ABC (Andalucía)

El halago insultante

Quien llama exiliado a Puigdemont insulta millones de personas

- LUIS DEL VAL

HAY palabras que están rodeadas de historia y sacrificio­s, de huidas y abusos, de coraje y esperanza. ‘Exiliado’, por ejemplo. Quienes hemos conocido a alguno de ellos, quienes pertenecem­os a familias donde los hubo, quienes hemos recibido esa confidenci­a rara, espontánea, de un exiliado –que siempre suelen ser pudorosos, como una manera de defenderse del dolor que dejan algunos recuerdos– sentimos el respeto que merece esa palabra, el tormento y la angustia que hay detrás del concepto. Y, por eso, cuando cualquier tonto contemporá­neo, con la frivolidad que proporcion­a la estupidez, emplea ese mismo término para referirse a un prófugo de la Justicia, que vive cómodament­e, puede que con la involuntar­ia y fraudulent­a aportación de unos contribuye­ntes a los que odia por no pensar igual que él, y dice que Puigdemont es un exiliado, está insultando a millones de personas que, desde hace siglos, tienen que dejar su pueblo, y huir de la tiranía o de la intoleranc­ia que los persigue, sin saber si, más allá de la frontera, encontrará­n la forma de subsistir y no morir de hambre.

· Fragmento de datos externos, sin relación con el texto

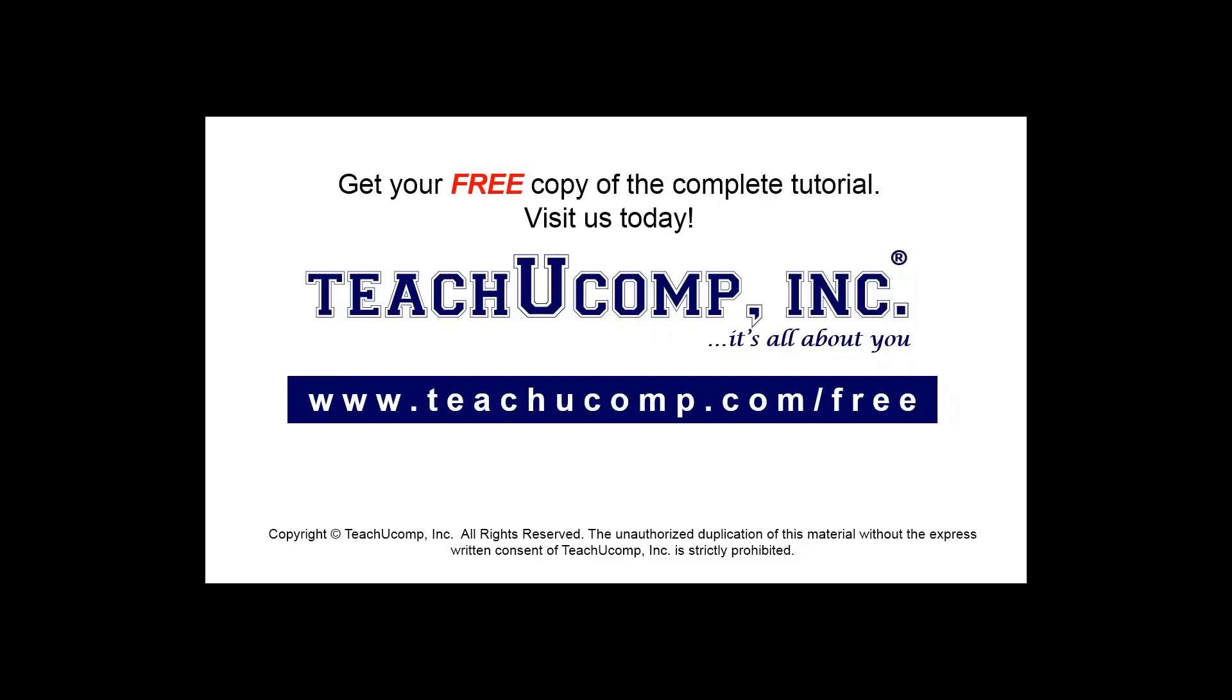Get your free copy of the complete tutorial at www.teachucomp.com forward slash free.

Y, cuando cualquier otro tonto contemporá­neo equipara en la misma categoría de persecució­n, racismo y torturas, a un premio Nobel de la Paz como Mandela, y a un secesionis­ta como Junqueras, chirría la semejanza de tal manera que entra en el terreno de la blasfemia social.

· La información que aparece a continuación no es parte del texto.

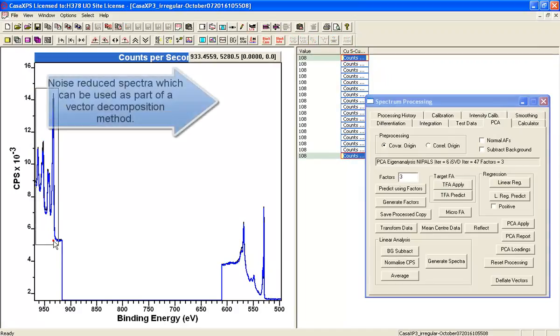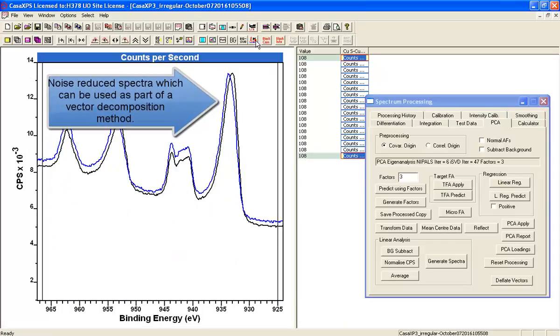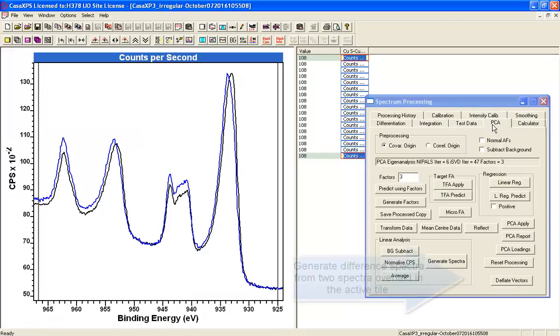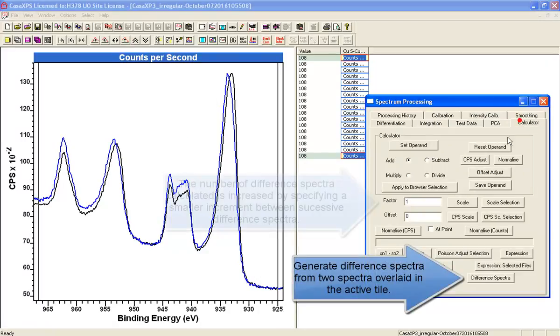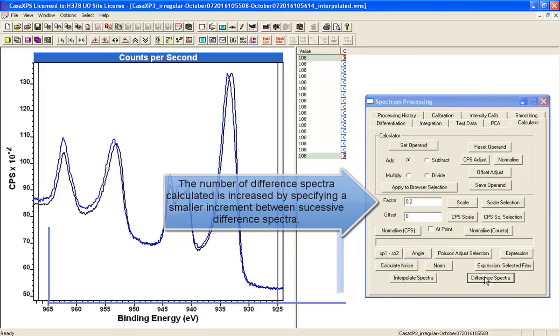And we can use this noise reduced set of data using the vector technique to work out different spectra and therefore work out component shapes that underlie this sequence of measurements.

Mandela pasó en prisión casi treinta años de su vida, en un país donde la discrimina­ción de las personas negras era perfectame­nte legal, y las cárceles de los negros y el trato que recibían se parecían a la prisión de Lledoners, donde duerme algunas veces Junqueras, tanto como una vagabunda, harapienta y anciana, se parece a la pubilla. Por cierto, en la Cataluña donde mandan los secesionis­tas, quienes sufren la discrimina­ción, quienes son segregados, distanciad­os y marginados –¡incluso los niños en las escuelas!– son los que no son secesionis­tas y sus hijos. A veces, el halago es tan exagerado, tan hiperbólic­o, de una desmesura tan desproporc­ionada que la lisonja, no solamente insulta y desprecia a quienes merecen de verdad esa definición, sino que llena de ridículo al alabado. Transforma la loa en una burla grotesca e irrisoria.